Bank Alfalah (BAFL) post CY14 results and incorporate the impact of 2% reduction in the key policy rate since November 2014. We believe heavy investments in PIBs will bolster the company’s bottomline in CY15. Overall, we expect the bank to deliver 4-yr earnings CAGR of 9.3% (CY14-18E) over our investment horizon. We maintain our Outperform rating on BAFL as its previous aggressive branch expansion positions it well to benefit from an economic recovery, and tweak our TP down slightly to Rs34.22 from Rs34.23.
- Investment in PIBs dilutes the impact of constrained margins: In line with the industry, the bank increased its exposure in PIBs (~57% of investments in CY15 vs 15% in CY14), taking the Investment to Deposit Ratio (IDR) to 54%. With ~30% of deposits placed in PIBs at higher coupon/interest rates, we believe the monetary easing cycle will rather play to BAFL’s benefit (PLS rates linked to floor of Interest Rate Corridor). Hence, we see NIMs sustaining at 3.7% in CY15 vs 3.8% in CY14 and push bottomline growth by ~14%.
- Beyond CY15, we expect a 3-yr earnings CAGR of 7.9% over CY15-18E as the bank shifts its investment portfolio to lending portfolio. However, we factored in a conservative approach given borderline CAR of 12.8%.
- Branch expansion to play favorably: Previously the bank had adopted an aggressive expansion strategy, increasing the overall number of branches from 386 in 2010 to 648 in CY14. This has allowed the bank to enjoy deposit growth of ~14% over the last 4 years. In the mid-tier category, its increased reach makes it well-placed to capture the incremental deposit flow associated with envisioned economic recovery.
- Cost-to-income ratio may improve: Administrative expense continued to be a drag on earnings, as reflected in the higher cost-to-income ratio of ~66% in CY14 (owing to branch expansion). We believe the bank’s initiative to improve operating efficiency would reduce the cost-to-income ratio going forward. Further conviction to our call may come from aggressive development on branchless banking (introduced in CY14).
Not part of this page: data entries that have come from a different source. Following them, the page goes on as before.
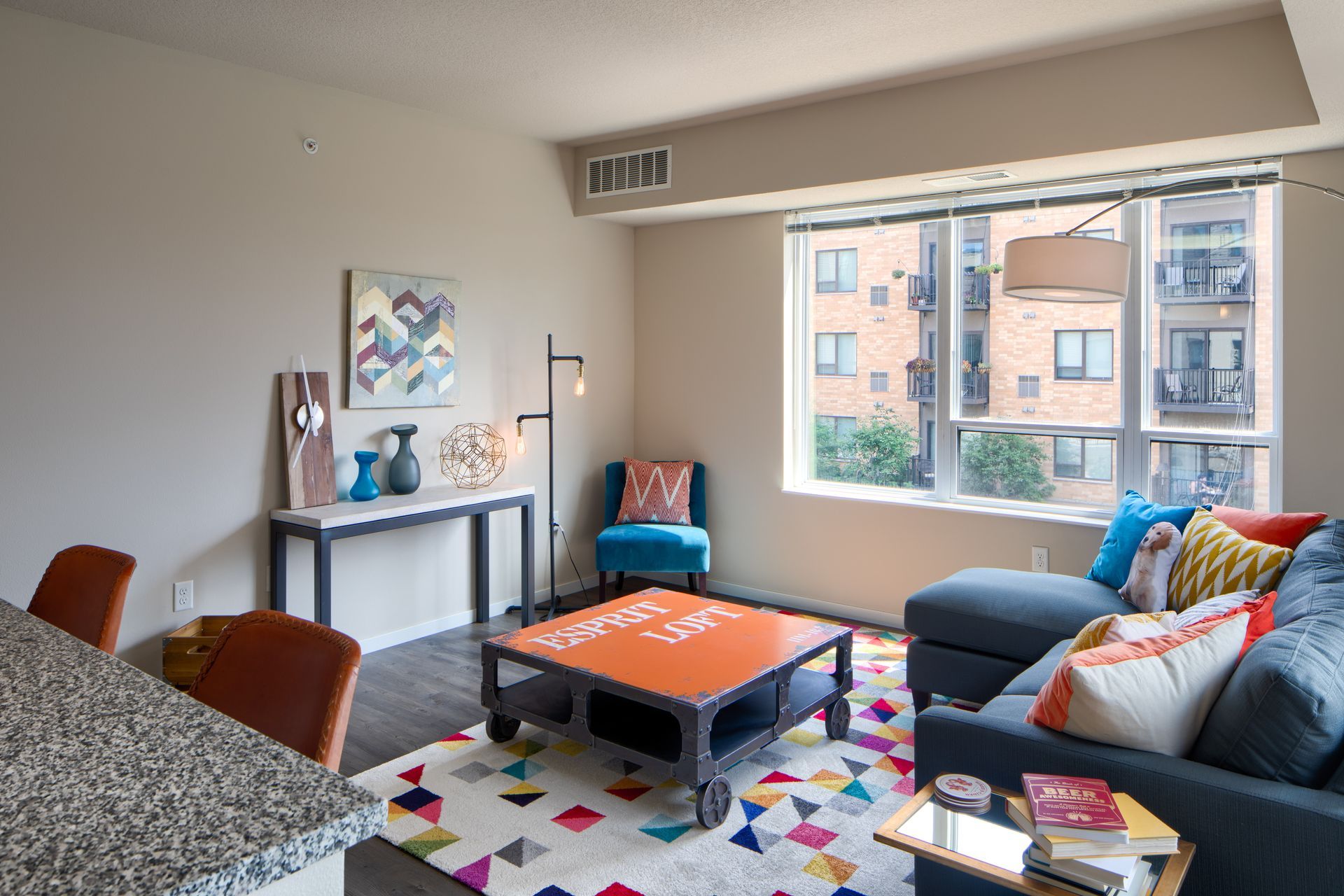 Modern living room with blue sofa, colorful rug, and a large window overlooking buildings.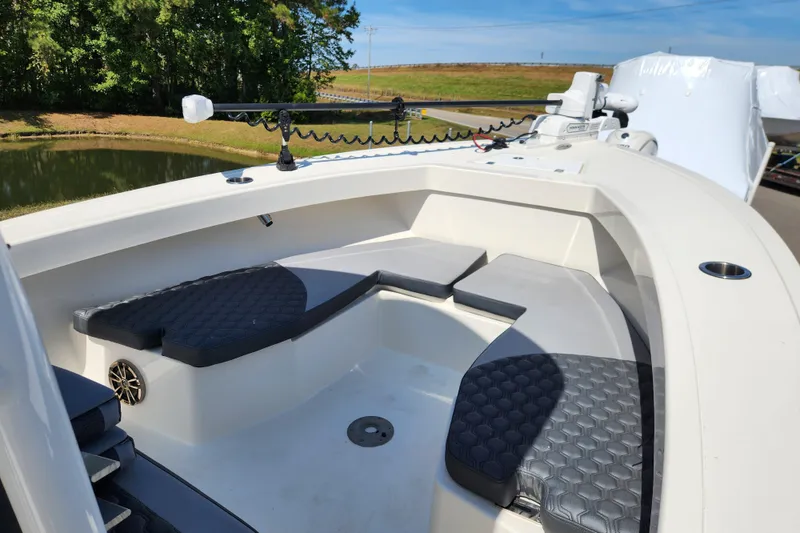 Slide: The Image of 2025 May-Craft 245 Offshore CC boat interior with cushioned seating and modern design. - 9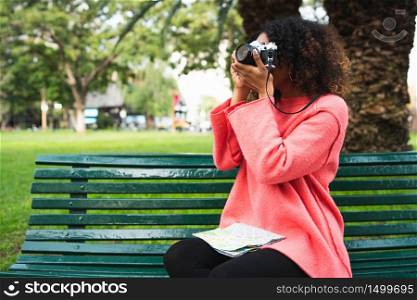 Portrait of young beautiful afro american woman using a professional camera while holding a map in a park. Travel concept.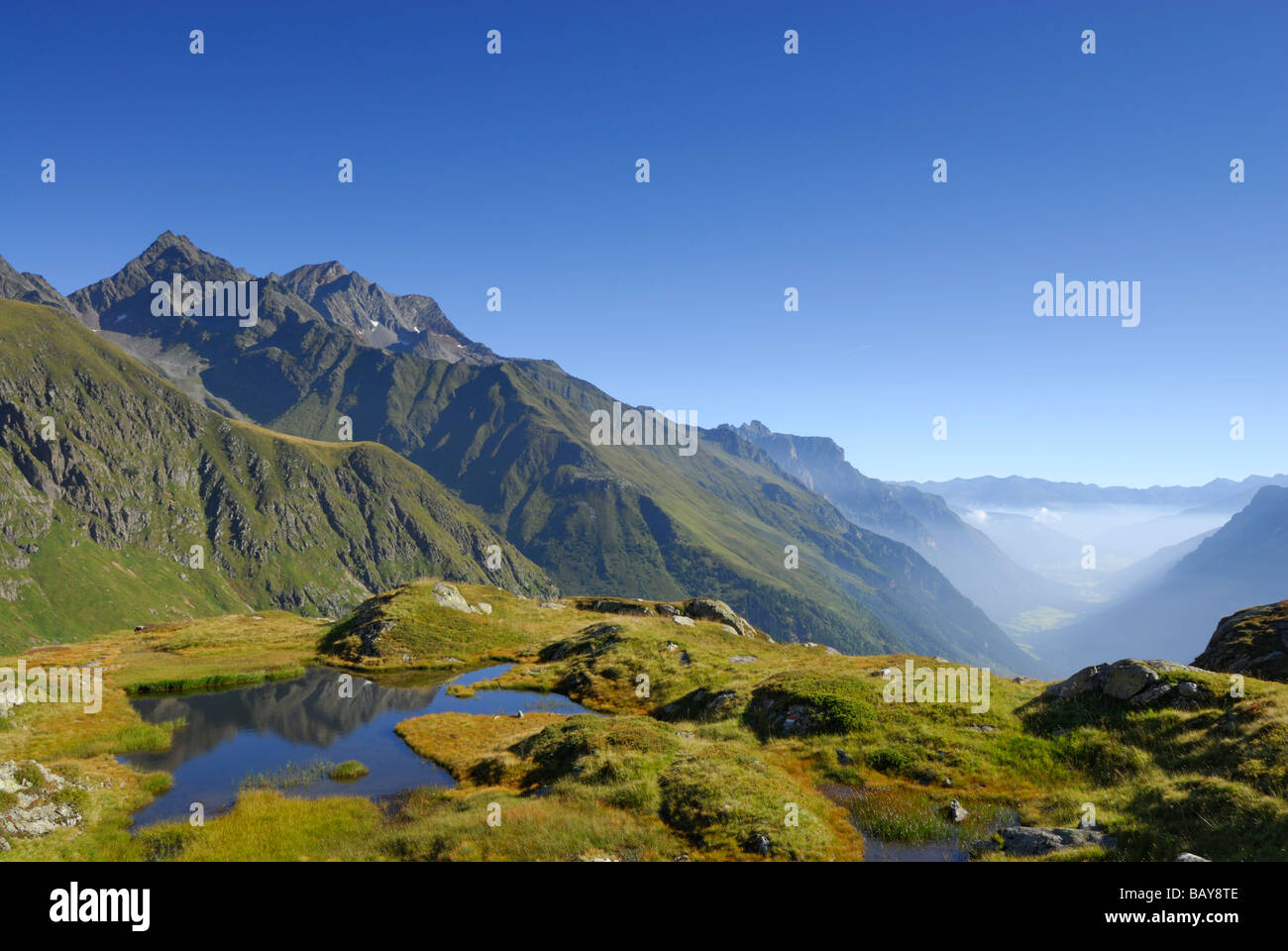 little lake with Habicht in background, fog bank in valley Gschnitztal, Stubaier Alpen range, Stubai, Tyrol, Austria Stock Photo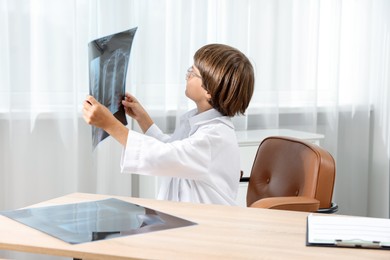 Photo of Choice of profession. Little boy in glasses and uniform with lungs x-ray pretending to be doctor at table in clinic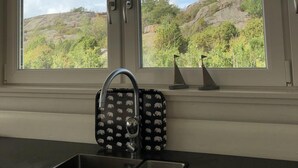 A kitchen with a double sink, a window with a view of a mountainous landscape, and a decorative item on the windowsill. - Wonderful house in Strömstad! (Strömstad)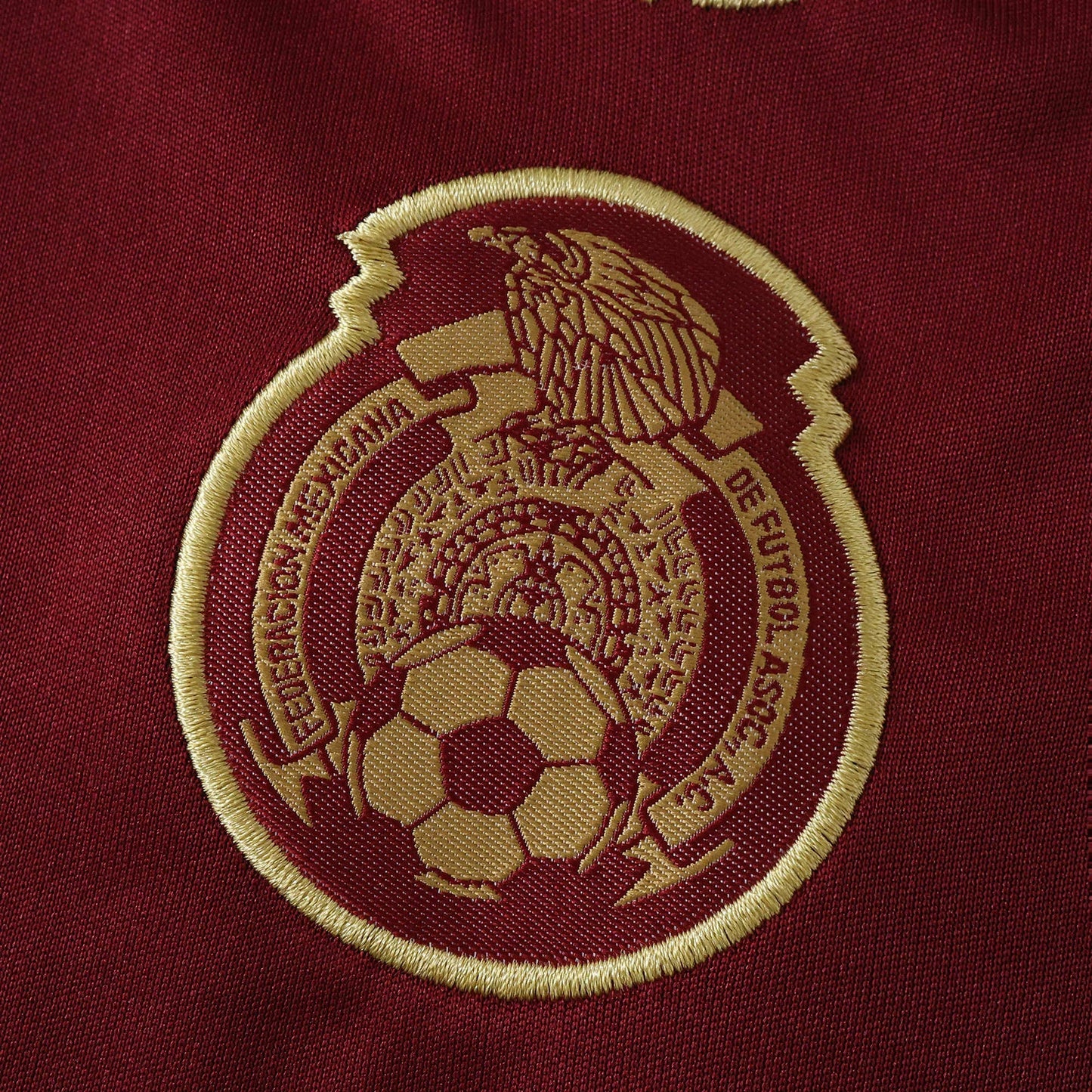 Detalhe de um escudo bordado em dourado em tecido de camisa na cor vinho, com uma águia, bola de futebol e inscrições.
Earnings and target price revision
- We cut our CY15-17E earnings estimates by 16-18%, incorporating: 1) CY14 results; and 2) recent monetary easing. We adjust our risk-free rate assumption and roll forward our valuation to Dec 2015.
- 12-month price target: Rs34.22 based on a DCF methodology.
- Catalyst: Uptick in private credit offtake and sale of Warid
Action and recommendation:
- We remain positive on BAFL in the mid-tier category due to better NIMs. At CY15E P/B of 0.8x and D/Y of 7.8%, we maintain our Outperform rating.